Supplied information section start

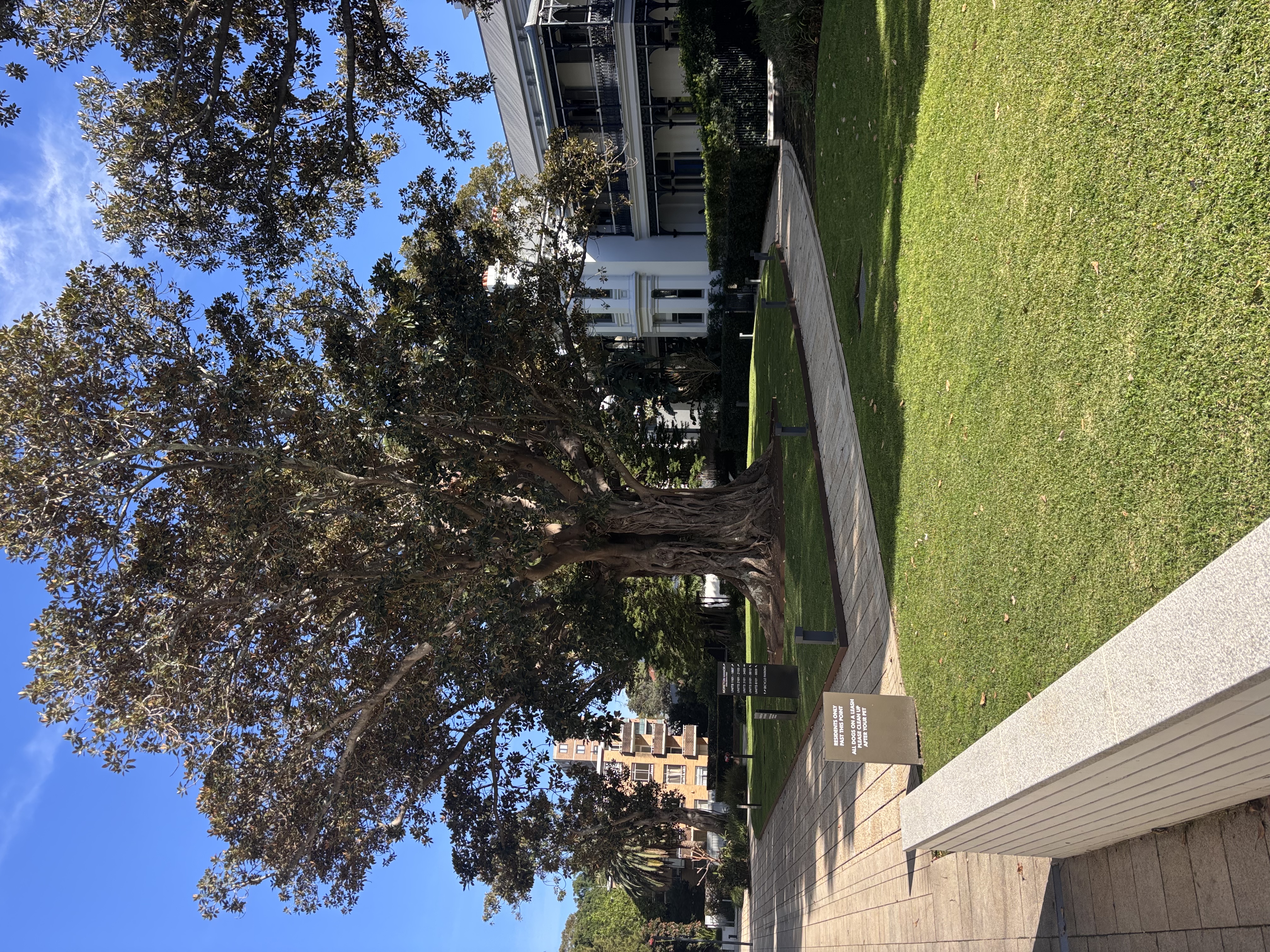 image-17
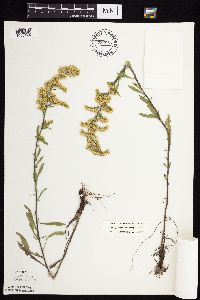 Solidago nemoralis subsp. nemoralis image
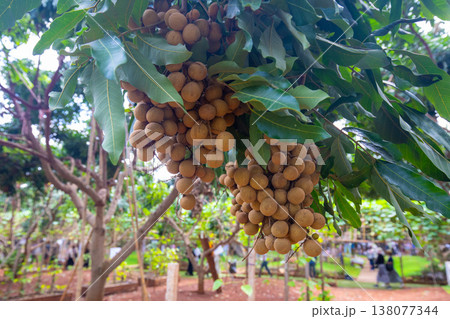 タイ国の果物ラムヤイが木になっているところ 138077344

Supplied information section end

● Instructions to follow
All of the lines above should be retyped precisely, apart from the pictures.

● The completed task
 image-17
 Solidago nemoralis subsp. nemoralis image
 タイ国の果物ラムヤイが木になっているところ 138077344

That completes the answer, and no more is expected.